* **Exercise**
Scanning the entries below, copy every line that contains the word "elementos".

Records contained in a dataset
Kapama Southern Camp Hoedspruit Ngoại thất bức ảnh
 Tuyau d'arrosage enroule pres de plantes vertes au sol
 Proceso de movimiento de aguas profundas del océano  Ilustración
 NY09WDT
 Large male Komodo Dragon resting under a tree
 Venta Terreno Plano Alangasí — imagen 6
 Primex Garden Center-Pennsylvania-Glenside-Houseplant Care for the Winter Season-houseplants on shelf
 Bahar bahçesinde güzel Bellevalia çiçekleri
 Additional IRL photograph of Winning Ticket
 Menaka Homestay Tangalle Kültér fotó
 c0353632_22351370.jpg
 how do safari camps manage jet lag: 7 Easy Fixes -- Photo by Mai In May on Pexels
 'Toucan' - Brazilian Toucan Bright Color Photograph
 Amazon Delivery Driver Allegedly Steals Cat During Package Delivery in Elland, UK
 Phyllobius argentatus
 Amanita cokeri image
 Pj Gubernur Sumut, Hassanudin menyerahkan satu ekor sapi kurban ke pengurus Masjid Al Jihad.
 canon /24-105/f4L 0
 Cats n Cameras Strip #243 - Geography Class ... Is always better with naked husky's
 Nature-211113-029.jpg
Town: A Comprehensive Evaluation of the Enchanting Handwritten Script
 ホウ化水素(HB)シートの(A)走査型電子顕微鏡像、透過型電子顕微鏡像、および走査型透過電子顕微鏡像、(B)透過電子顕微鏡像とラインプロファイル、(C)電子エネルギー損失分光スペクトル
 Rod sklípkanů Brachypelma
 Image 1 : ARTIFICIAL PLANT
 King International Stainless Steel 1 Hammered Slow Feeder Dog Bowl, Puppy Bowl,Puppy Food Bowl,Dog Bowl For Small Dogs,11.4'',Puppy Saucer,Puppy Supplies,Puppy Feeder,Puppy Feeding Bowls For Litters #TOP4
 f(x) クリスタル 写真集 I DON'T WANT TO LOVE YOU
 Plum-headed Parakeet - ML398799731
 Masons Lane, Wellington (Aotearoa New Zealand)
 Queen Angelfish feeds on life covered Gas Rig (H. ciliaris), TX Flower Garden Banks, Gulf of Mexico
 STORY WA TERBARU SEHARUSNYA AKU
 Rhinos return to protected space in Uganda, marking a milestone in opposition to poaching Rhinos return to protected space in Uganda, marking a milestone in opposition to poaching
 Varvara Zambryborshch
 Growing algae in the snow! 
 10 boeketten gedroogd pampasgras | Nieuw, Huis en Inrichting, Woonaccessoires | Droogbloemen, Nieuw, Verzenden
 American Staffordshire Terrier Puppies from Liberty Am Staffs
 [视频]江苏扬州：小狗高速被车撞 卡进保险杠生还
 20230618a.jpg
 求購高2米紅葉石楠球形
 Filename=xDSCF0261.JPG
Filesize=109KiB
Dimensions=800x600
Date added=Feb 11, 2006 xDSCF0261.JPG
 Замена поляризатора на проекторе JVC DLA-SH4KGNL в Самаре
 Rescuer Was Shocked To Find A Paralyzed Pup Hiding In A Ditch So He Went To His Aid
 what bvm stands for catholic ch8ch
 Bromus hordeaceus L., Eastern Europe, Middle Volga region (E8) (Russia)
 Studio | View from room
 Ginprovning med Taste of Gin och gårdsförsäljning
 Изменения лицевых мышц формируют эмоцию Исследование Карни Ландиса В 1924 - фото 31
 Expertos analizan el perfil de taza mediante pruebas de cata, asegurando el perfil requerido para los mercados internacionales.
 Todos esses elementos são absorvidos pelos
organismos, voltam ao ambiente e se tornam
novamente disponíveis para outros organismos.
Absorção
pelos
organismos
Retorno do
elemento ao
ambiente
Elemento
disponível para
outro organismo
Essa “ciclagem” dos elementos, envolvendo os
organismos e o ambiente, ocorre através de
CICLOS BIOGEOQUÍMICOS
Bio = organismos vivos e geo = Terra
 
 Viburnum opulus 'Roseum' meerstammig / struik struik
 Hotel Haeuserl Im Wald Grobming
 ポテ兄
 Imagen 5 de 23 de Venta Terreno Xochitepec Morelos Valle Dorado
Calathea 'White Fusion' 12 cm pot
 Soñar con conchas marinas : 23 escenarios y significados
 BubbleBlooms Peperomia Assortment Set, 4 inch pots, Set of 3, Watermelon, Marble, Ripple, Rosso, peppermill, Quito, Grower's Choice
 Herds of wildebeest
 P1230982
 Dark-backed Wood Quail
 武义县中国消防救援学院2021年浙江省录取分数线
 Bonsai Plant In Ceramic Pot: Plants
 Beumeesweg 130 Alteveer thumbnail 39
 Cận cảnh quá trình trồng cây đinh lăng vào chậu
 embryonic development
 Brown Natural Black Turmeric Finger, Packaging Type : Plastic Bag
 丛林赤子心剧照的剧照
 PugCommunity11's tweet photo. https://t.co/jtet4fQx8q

* **Solution**
 Todos esses elementos são absorvidos pelos
Essa “ciclagem” dos elementos, envolvendo os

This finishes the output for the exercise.